PUBLISHED : Saturday, 19 May, 2007, 12:00am
UPDATED : Saturday, 19 May, 2007, 12:00am

China Huaneng Group, the nation's largest power producer, aims to raise its renewable energy capacity more than 10-fold by 2020 as the country seeks to cut reliance on polluting fossil fuels.

The parent of listed Huaneng Power International plans to have 4,500 megawatts of total installed capacity in renewable energy projects by 2020, up from the present 424 MW, Song Yuhong said at the sidelines of China Power & Alternative Energy Summit.

Of the 4,500 MW target, most would come from wind projects plus 200 MW from small hydro projects and 50 MW from biomass units, said Ms Song, the deputy project manager at Huaneng Renewable Energy (Holding), a unit set up in late 2002.

In the shorter term, the company aims to have 1,420 MW of wind capacity by 2010, or just 1.77 per cent of the group's 80,000 MW total generation capacity target that is dominated by coal-fired units.

The 1,420 MW goal would give the company 28 per cent of China's wind-power market, which is forecast by the National Development and Reform Commission to reach 5,000 MW in 2010.

So far the company has 100 MW of installed wind projects, with 350 MW more due for completion this year.

Ms Song said the average investment cost of wind farms amounts to about 9.5 million yuan per MW, implying the company and its partners may have to plough in 11.88 billion yuan to realise the 2010 target and a further 25.47 billion yuan to reach the 2020 goal.

It will focus on developing wind projects in Jiangsu, Guangdong, Jilin and Hebei provinces and in Inner Mongolia, she said.

China's wind-power capacity, which doubled last year to 2,598 MW from 1,266 MW a year earlier, is still only 0.41 per cent of the national generation capacity of 622,000 MW.

Ms Song said the rush by wind farm developers into the young sector had sent equipment costs up about 12 per cent from two years ago. Higher global steel prices were also partly to blame.

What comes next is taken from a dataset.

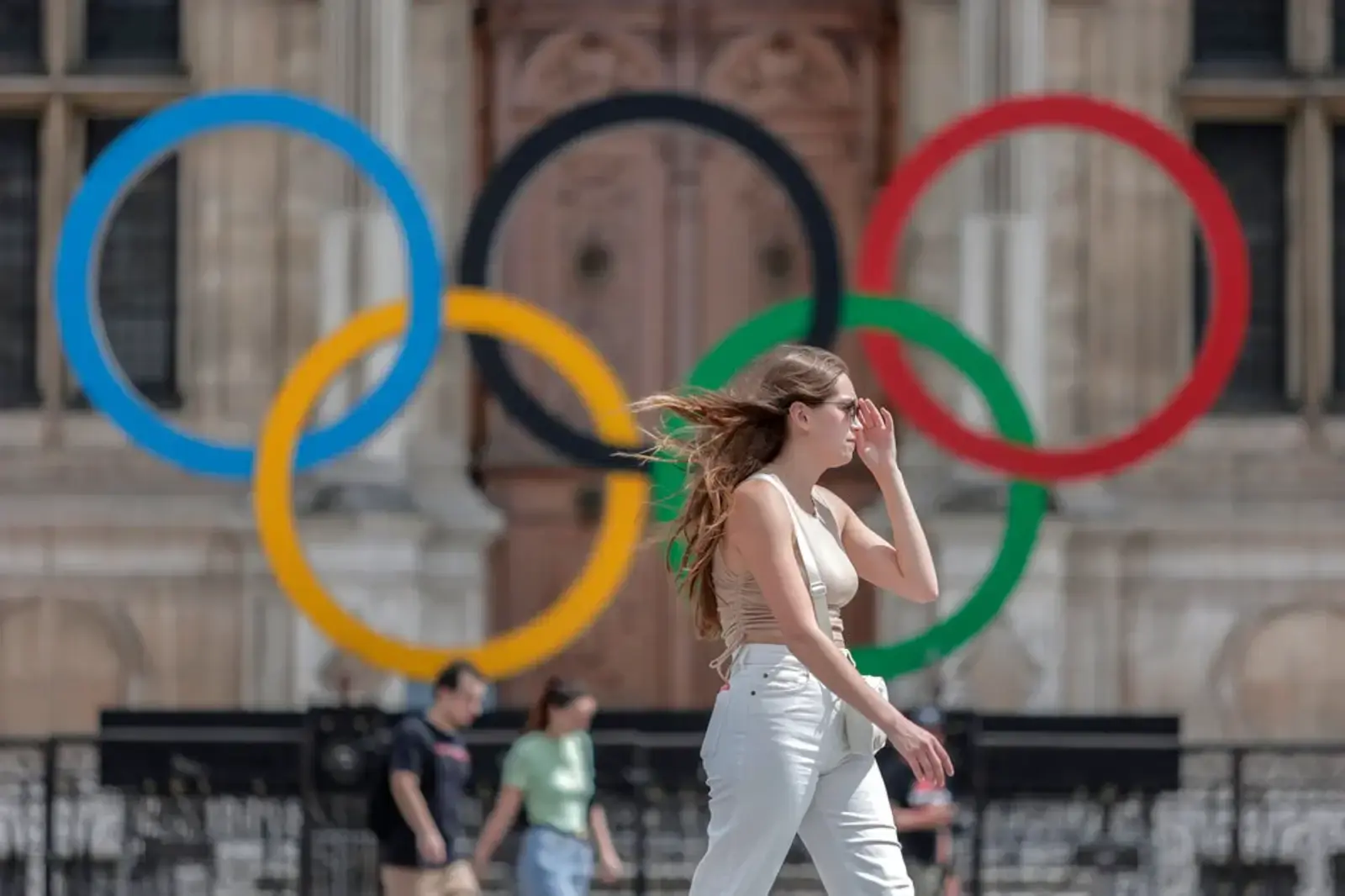 New report warns of heat danger at Paris Olympics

Costs may be cut as more equipment is made in the mainland, with turbine makers including Spain's Gamesa, Denmark's Vestas and India's Suzlon building wholly owned plants in Tianjin in the past year.

The mainland's wind power market is dominated by large state-owned power companies.

Industry executives said a lack of publicly available topographic information on the nation's wind resources and an immature tariff-setting mechanism also helped to drive up costs.